The surgery which included in the explant of the CARMAT bioprosthesis followed by the transplant of a heart graft, was carried out by the team headed by National Research Center for Cardiac Surgery CEO Yuriy Pya.

It followed eight months of support provided by the CARMAT total artificial heart (TAH).

The end stage heart failure patient was initially not eligible to heart transplant due to his pulmonary hypertension.

The implant of the CARMAT device was undertaken in October 2017 as a bridge to transplant within the framework of the PIVOTAL study.

It is claimed that the health condition of the patient improved considerably during the 8 month period thanks to the support of the CARMAT device and allowed him to recover from pulmonary hypertension and has become eligible for transplantation and ultimately successfully receive a donor heart in June.

The primary objective of the PIVOTAL study was mainly for the patient to survive the surgery for a period of 180 days, after the implantation, or a successful heart transplantation, replacing the device, within the 180-day timeframe.

Yuriy Pya said: “This patient, who was not initially eligible for a heart transplant due to pre-existing pulmonary hypertension, was supported by the CARMAT TAH for 8 months.
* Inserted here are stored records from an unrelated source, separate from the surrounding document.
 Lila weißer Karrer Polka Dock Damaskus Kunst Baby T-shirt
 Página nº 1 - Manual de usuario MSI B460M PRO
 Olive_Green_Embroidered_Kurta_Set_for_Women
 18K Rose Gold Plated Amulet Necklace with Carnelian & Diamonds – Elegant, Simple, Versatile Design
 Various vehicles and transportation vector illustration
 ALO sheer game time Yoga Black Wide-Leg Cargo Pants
During this time, our team was able to monitor the improvement of the pulmonary hypertension assisted by the hemodynamic data which are continuously provided by the CARMAT TAH.
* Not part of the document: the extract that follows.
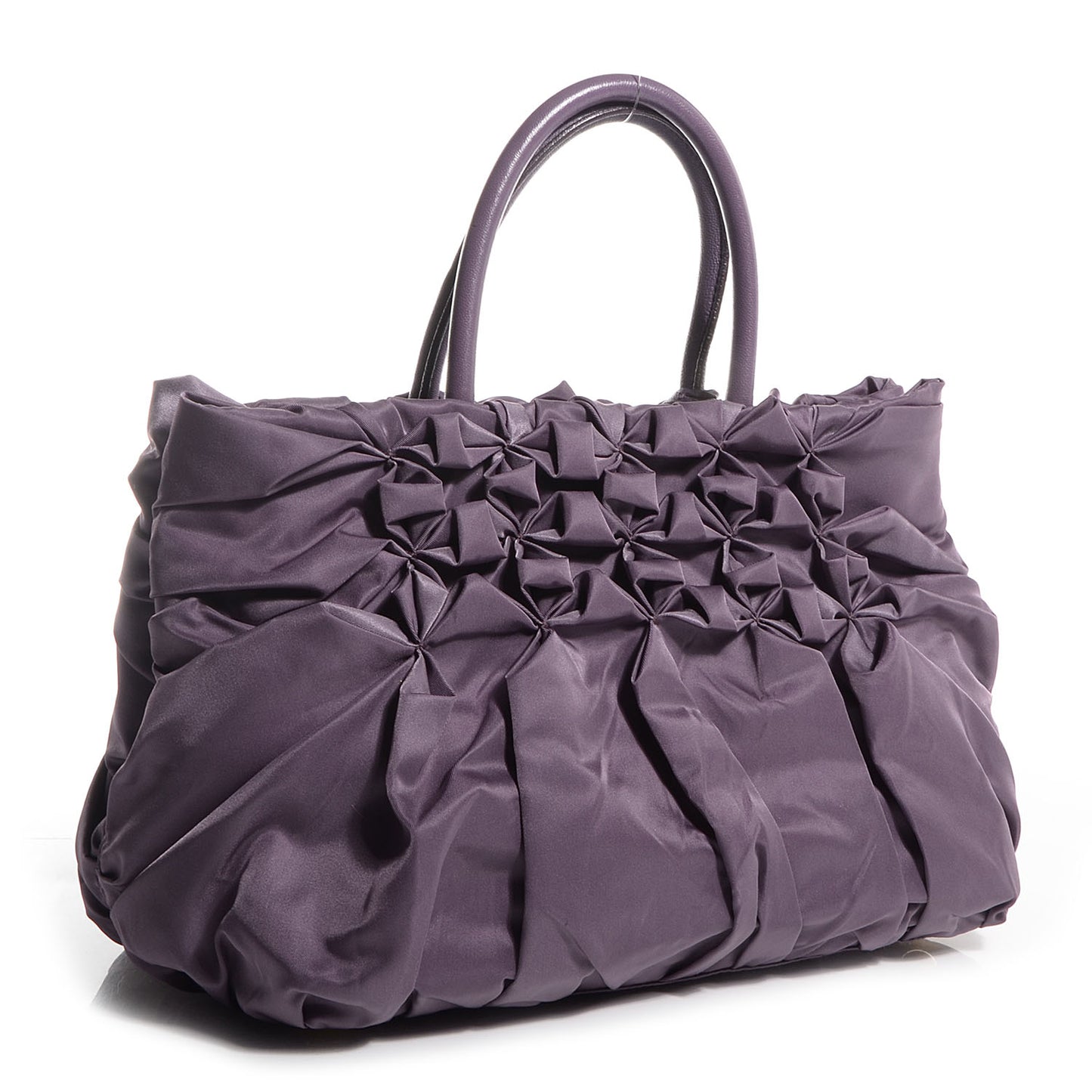 Tessuto Nylon Origami Pleated Handbag Purple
Pya said that the patient was in good condition before the transplant procedure and was only on light anticoagulant medication. The explant of the device left a natural space for the donor heart, which was then implanted according to our standard procedure.
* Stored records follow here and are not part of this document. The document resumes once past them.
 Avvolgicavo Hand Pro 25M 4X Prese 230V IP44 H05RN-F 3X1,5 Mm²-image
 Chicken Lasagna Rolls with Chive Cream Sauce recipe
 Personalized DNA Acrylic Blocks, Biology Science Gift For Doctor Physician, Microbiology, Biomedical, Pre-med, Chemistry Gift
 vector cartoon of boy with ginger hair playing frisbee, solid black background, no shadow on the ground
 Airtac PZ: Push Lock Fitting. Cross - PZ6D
The patient is doing well and the team will work further in contributing to the success of the clinical study of the new therapeutic option for patients suffering from end-stage heart failure.

CARMAT CEO Stéphane Piat said: “The outstanding follow up provided by Dr. Pya’s team to this patient underline the CARMAT strategy to work with centers of excellence for our international PIVOTAL study, which provides for inclusion of both patients eligible and not eligible to heart transplant.

“The excellent functioning of the prosthesis during 8 months together with the considerable improvement of the patient’s health condition reinforces our confidence in the potential of the CARMAT heart to efficiently treat end stage heart failure.”